### Work instruction
From the listing below, reproduce word for word the part that opens with the line containing "Multifunctional Military Aiming" and closes with the line containing "Tablet Screenshot of"; reproduce nothing else.

===

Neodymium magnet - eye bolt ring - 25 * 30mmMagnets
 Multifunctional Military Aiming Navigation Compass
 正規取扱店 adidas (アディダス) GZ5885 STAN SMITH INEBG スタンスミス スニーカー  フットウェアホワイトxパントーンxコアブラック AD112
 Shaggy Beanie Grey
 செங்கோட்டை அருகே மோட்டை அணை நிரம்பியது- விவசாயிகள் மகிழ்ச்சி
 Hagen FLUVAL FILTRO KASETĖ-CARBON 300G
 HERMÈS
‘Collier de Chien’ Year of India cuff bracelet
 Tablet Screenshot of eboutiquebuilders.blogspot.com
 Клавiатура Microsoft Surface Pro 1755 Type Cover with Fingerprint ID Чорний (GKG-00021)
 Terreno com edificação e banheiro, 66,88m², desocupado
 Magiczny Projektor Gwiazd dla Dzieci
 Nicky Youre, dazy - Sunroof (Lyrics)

===

### Answer section
 Multifunctional Military Aiming Navigation Compass
 正規取扱店 adidas (アディダス) GZ5885 STAN SMITH INEBG スタンスミス スニーカー  フットウェアホワイトxパントーンxコアブラック AD112
 Shaggy Beanie Grey
 செங்கோட்டை அருகே மோட்டை அணை நிரம்பியது- விவசாயிகள் மகிழ்ச்சி
 Hagen FLUVAL FILTRO KASETĖ-CARBON 300G
 HERMÈS
‘Collier de Chien’ Year of India cuff bracelet
 Tablet Screenshot of eboutiquebuilders.blogspot.com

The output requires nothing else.